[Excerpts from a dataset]

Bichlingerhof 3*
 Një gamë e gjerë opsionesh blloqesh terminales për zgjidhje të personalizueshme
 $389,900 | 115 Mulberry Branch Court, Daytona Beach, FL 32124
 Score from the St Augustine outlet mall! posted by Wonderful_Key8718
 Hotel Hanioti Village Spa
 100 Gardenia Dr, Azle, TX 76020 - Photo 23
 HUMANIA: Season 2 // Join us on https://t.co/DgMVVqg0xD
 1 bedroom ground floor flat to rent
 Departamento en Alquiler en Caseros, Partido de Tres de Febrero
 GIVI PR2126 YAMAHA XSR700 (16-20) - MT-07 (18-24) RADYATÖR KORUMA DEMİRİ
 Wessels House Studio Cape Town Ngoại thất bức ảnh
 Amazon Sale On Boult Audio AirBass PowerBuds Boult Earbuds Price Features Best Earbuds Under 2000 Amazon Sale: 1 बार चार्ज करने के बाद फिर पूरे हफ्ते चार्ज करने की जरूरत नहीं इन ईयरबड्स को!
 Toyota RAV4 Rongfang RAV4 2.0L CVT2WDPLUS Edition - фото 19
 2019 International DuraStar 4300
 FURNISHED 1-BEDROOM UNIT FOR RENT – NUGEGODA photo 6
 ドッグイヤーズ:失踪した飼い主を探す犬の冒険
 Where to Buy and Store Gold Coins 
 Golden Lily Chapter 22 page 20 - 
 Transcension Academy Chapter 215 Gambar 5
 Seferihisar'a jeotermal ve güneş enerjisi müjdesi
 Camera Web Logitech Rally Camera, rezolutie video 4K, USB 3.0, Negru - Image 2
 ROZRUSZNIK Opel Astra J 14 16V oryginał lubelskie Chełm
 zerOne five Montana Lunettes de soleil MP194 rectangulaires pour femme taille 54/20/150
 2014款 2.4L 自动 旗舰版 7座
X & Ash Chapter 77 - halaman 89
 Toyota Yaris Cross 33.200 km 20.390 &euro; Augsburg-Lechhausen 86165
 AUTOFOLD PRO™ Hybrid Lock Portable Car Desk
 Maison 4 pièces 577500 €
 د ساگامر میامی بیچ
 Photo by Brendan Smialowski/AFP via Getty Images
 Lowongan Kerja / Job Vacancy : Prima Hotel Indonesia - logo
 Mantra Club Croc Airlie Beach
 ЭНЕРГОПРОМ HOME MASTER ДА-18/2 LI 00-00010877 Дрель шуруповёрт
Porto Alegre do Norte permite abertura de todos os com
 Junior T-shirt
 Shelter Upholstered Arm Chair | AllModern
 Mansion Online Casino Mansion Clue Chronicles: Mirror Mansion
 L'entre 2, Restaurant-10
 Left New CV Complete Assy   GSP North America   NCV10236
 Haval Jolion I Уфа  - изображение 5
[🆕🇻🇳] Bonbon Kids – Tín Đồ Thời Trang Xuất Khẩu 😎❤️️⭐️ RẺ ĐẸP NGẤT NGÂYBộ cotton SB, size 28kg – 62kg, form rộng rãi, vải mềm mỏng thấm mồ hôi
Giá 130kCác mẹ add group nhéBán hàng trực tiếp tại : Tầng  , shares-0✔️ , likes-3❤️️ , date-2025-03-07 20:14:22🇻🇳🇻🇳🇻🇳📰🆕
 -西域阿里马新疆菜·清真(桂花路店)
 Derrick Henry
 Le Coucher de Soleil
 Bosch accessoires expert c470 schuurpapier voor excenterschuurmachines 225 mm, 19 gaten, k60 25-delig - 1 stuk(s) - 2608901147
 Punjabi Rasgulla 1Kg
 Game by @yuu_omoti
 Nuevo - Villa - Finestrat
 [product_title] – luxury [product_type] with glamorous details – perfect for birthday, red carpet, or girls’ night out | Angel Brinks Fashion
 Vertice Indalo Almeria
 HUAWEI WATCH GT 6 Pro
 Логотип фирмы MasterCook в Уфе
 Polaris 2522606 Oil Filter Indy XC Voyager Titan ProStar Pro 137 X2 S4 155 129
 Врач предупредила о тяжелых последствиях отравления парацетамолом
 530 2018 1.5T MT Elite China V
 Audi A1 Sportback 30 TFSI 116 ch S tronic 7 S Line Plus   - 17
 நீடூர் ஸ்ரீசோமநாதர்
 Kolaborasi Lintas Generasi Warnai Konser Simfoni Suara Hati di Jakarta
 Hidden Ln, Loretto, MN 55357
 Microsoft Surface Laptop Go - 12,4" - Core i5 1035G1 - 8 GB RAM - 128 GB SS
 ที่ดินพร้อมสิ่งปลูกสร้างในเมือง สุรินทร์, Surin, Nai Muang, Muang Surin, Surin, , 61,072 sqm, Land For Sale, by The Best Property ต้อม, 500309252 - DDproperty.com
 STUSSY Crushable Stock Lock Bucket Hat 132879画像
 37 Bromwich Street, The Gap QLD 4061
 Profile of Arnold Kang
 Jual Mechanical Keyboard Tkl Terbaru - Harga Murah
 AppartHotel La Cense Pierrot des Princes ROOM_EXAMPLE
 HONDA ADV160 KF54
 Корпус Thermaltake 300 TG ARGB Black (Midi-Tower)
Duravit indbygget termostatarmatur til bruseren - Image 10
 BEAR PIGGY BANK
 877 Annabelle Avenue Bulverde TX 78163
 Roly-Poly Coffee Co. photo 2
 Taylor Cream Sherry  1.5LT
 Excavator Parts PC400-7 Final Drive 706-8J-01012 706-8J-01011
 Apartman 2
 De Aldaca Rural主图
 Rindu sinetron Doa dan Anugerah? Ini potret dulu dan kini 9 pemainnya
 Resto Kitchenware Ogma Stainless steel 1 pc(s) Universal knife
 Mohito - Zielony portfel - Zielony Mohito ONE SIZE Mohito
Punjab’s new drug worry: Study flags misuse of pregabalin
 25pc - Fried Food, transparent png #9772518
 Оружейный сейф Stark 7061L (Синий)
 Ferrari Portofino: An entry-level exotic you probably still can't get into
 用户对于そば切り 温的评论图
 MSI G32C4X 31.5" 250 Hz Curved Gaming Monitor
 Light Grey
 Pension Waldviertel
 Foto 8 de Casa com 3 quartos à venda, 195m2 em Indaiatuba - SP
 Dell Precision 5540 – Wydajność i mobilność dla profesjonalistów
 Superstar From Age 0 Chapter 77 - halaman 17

- EXERCISE AIM: Print, from the entries above, the line with "Amazon Sale On", the line with "Camera Web Logitech" and all lines between them, exactly and with nothing else.

- OUTPUT FOR THIS TASK:
 Amazon Sale On Boult Audio AirBass PowerBuds Boult Earbuds Price Features Best Earbuds Under 2000 Amazon Sale: 1 बार चार्ज करने के बाद फिर पूरे हफ्ते चार्ज करने की जरूरत नहीं इन ईयरबड्स को!
 Toyota RAV4 Rongfang RAV4 2.0L CVT2WDPLUS Edition - фото 19
 2019 International DuraStar 4300
 FURNISHED 1-BEDROOM UNIT FOR RENT – NUGEGODA photo 6
 ドッグイヤーズ:失踪した飼い主を探す犬の冒険
 Where to Buy and Store Gold Coins 
 Golden Lily Chapter 22 page 20 - 
 Transcension Academy Chapter 215 Gambar 5
 Seferihisar'a jeotermal ve güneş enerjisi müjdesi
 Camera Web Logitech Rally Camera, rezolutie video 4K, USB 3.0, Negru - Image 2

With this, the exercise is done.